Le marché n’a pas besoin d’indications de la Fed
Hier, la Réserve fédérale américaine (Fed) n'a donné aucun indice sur sa fonction de réaction face au choc énergétique qui se propage. Malheureusement. Si une chose est devenue claire hier, c’est que la "forward guidance" en tant qu’instrument de politique est morte et enterrée et cède, pour le moment, sa place à un agnosticisme désagréable. Le communiqué de politique ne contient qu’une brève description du passé récent. Le nouvelles projections ont été mises de côté, faute de pertience, par le président de l'institution, Jerome Powell. Rien d'étonnant dès lors que le débat dans les médias ne porte pas tant sur la future politique de la Fed, mais plutôt sur le parcours personnel de Powell et le rôle qu'il voudra/pourra encore jouer au terme de son mandat. Pendant ce temps, le marché s'est montré très clair dans son analyse. Le scénario de stagflation liée à l'énergie a encore gagné du terrain, avec une intensification de l'aversion pour le risque et une nouvelle hausse des taux d’intérêt.
Le taux directeur a donc été maintenu à 3,50 %-3,75%. Seul le gouverneur Miran, le poulain de Trump, a voté pour une réduction de 25 points de base (pb). Dans les projections, devenues moins pertinentes, les gouverneurs de la Fed ont relevé leurs anticipations à la fois pour la croissance du PIB (2026 : de 2,2 % à 2,4 %, 2027 : de 2 % à 2,3 %, 2028 : de 1,9 % à 2,1 %) et pour l’indice PCE des prix de la consommation personnelle (de 2,4 % à 2,7 % pour 2026, de 2,1 % à 2,5 % pour 2027 et à 2 % pour 2028). Malgré ces révisions haussières, la projection médiane table toujours sur une baisse de 25 pb pour cette année et l’année prochaine, même si les votes en faveur des nouvelles réductions sont moins nombreux. Powell ne s’est pas prononcé sur l’incidence des récents développements. Un choc pétrolier est en principe un facteur ponctuel, espérons-le temporaire, mais la Fed surveille de près ses effets sur les anticipations d'inflation. Le président de la banque centrale s’est encore attardé sur le ralentissement trop lent, mais toujours espéré, de l’inflation des marchandises une fois que les droits de douane auront été intégrés. Une hypothèse qui pourrait être légitimement remise en cause si le pétrole se maintient au-dessus des 100 dollars le baril. Powell a conclu en déclarant que si l’inflation et les anticipations en la matière ne diminuaient pas, il n'y aurait pas de baisse des taux. Une porte ouverte. Il s'est dit conscient que le fait de ne pas avoir atteint son objectif de 2 % depuis cinq ans faisait peser un risque de crédibilité sur la Réserve fédérale. Un euphémisme.

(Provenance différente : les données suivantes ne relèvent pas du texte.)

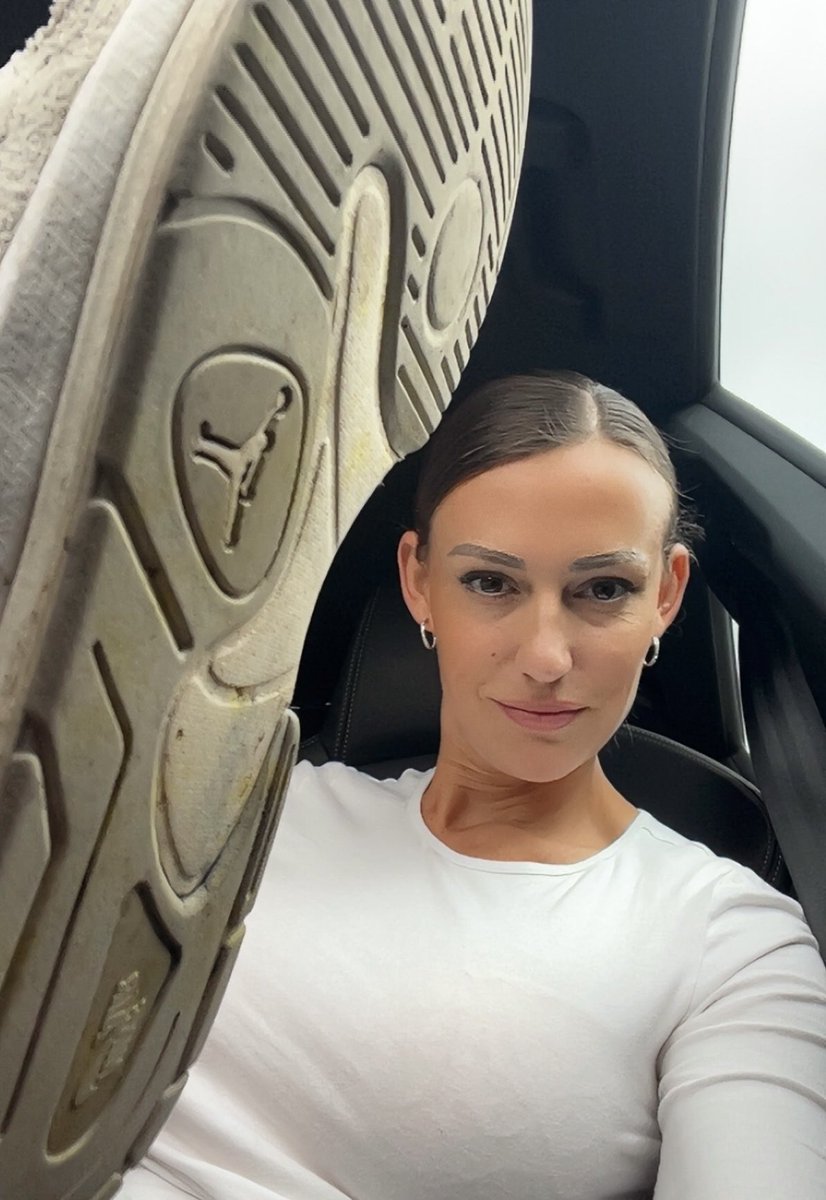 geld_ansehnlich's tweet image. Jede Bewegung deiner Zunge wird von mir begutachtet und falls mir was nicht passt, ist ein Schlag in den Nacken für dich das geringste Übel 😈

Le marché monétaire américain évalue entre-temps la probabilité d’une baisse de taux avant la fin de l’année à moins de 50 %. Fin février, il tablait encore sur une réduction cumulée de 50 pb. Hier, le taux à 2 ans a grimpé de 10 pb (et encore de 4 pb ce matin) à 3,8 % (3,47 % fin février).Il s'agit d'un "baromètre en temps réel", évidemment influencé par un dérapage, tout autant "en temps réel", de l'or noir (115 dollars le baril de Brent). Nous nous dirigeons très rapidement vers un scénario dans lequel le marché dicte la fonction de réaction des banquiers centraux. La Fed a la chance que son taux directeur soit encore légèrement supérieur à son niveau neutre. Pour ceux qui suivent une politique plus accommodante, la pression ne fait que s’accentuer. La présidente de la Banque centrale européenne, Christine Lagarde, et le gouverneur de la Banque d'Angleterre, Andrew Bailey, expliqueront tout à l'heure comment ils comptent démêler le nœud gordien. Les taux à court terme (2 ans) européen (+7 pb) et britannique (+15 pb !) ont également clairement choisi leur camp ce matin.
Terminons par quelques mots sur l'avenir de Powell. Celui-ci ne quittera pas la Fed avant la fin de la procédure judiciaire lancée à son encontre. Il compte/va également conserver son poste de président si son successeur, Kevin Warsh, n’est pas nommé à temps (opposition au Sénat). Quant à son intention de rester au comité de politique (jusqu'en 2028), une fois son mandat de président arrivé à son terme, il est encore resté très discret. Il le fera si cela va dans l’intérêt du pays. À Trump de jouer.
Taux américain à 2 ans : le marché est moins agnostique que le président de la Fed.